=== Available data ===
######

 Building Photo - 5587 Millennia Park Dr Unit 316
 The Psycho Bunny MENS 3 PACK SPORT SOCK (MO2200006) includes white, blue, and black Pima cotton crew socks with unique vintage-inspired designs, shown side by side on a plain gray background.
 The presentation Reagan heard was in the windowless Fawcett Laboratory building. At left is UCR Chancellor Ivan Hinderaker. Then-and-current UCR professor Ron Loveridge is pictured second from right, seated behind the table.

######

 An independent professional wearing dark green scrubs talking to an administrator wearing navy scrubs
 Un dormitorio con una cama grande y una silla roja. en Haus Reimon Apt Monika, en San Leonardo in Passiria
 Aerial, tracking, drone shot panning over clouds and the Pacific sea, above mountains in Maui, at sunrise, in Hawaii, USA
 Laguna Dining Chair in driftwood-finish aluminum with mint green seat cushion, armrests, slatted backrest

######

=== Task objective ===
Copy each line of the entries that includes the word "with".

=== Answer ===
 The Psycho Bunny MENS 3 PACK SPORT SOCK (MO2200006) includes white, blue, and black Pima cotton crew socks with unique vintage-inspired designs, shown side by side on a plain gray background.
 Laguna Dining Chair in driftwood-finish aluminum with mint green seat cushion, armrests, slatted backrest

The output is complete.